Data for the task:
##########
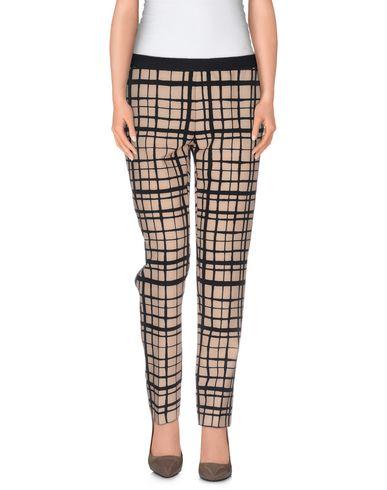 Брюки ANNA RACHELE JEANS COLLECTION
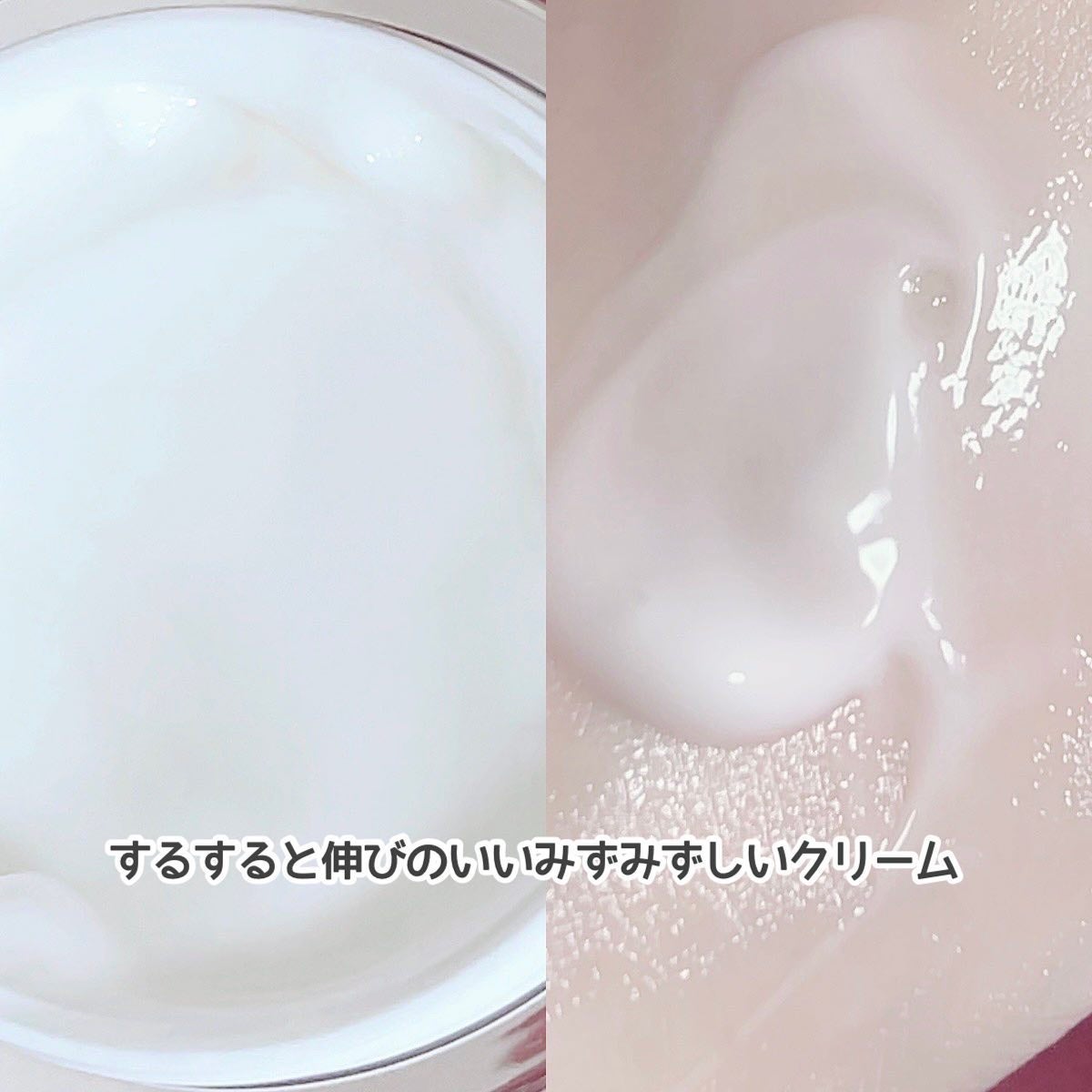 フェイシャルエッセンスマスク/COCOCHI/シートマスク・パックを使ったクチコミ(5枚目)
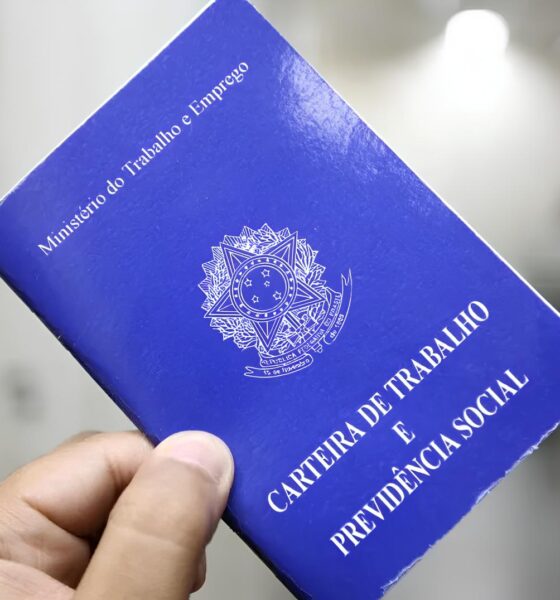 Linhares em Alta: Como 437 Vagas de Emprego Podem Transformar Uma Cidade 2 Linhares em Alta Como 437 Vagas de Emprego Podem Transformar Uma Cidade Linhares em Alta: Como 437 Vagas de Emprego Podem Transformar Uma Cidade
##########
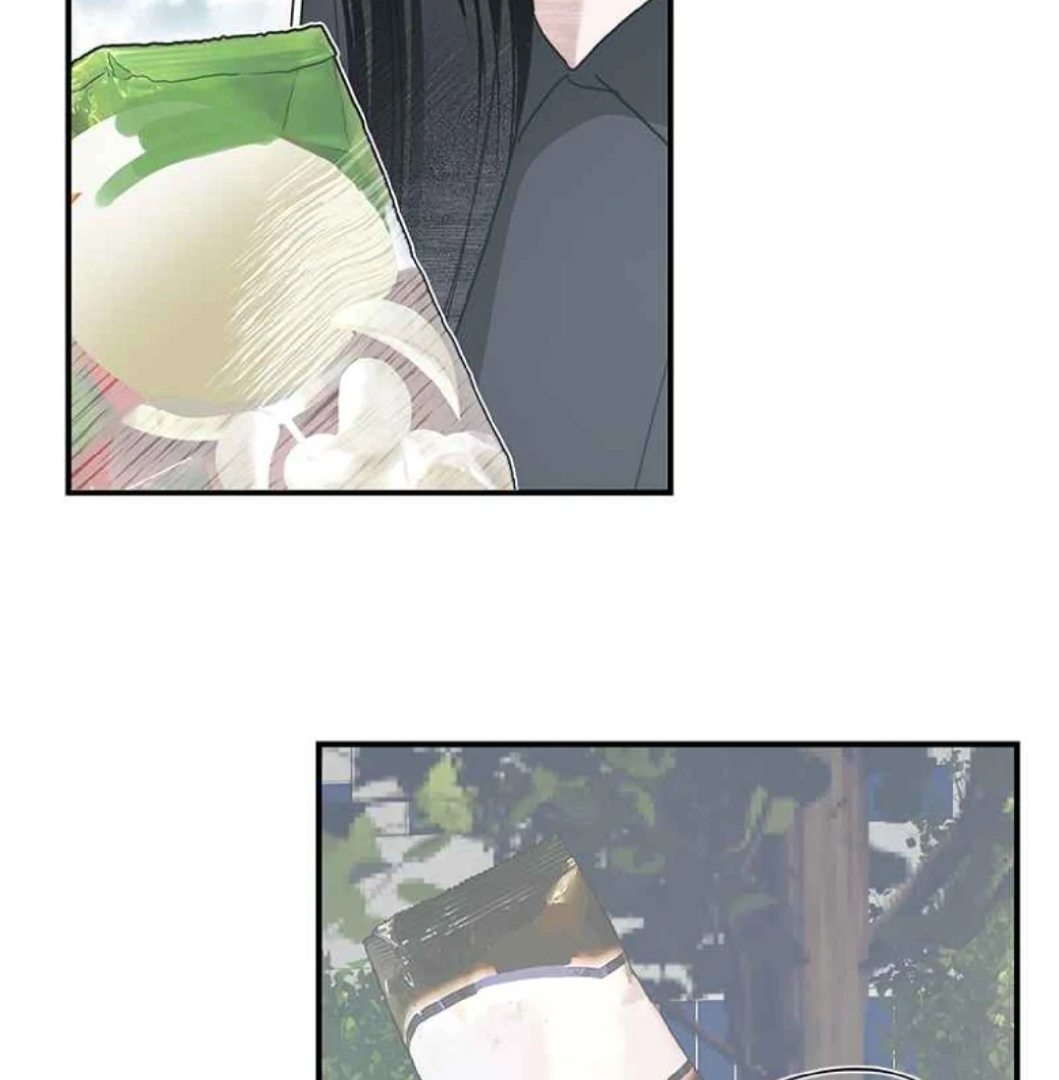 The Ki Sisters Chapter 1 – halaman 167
##########
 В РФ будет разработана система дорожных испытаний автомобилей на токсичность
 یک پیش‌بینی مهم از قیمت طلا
##########
Problem statement: Would you please repeat only the lines above, beginning at the one that has "フェイシャルエッセンスマスク" and stopping after the one that has "Uma Cidade 2", exactly and with no pictures?

Exercise solution:
 フェイシャルエッセンスマスク/COCOCHI/シートマスク・パックを使ったクチコミ(5枚目)
 Linhares em Alta: Como 437 Vagas de Emprego Podem Transformar Uma Cidade 2 Linhares em Alta Como 437 Vagas de Emprego Podem Transformar Uma Cidade Linhares em Alta: Como 437 Vagas de Emprego Podem Transformar Uma Cidade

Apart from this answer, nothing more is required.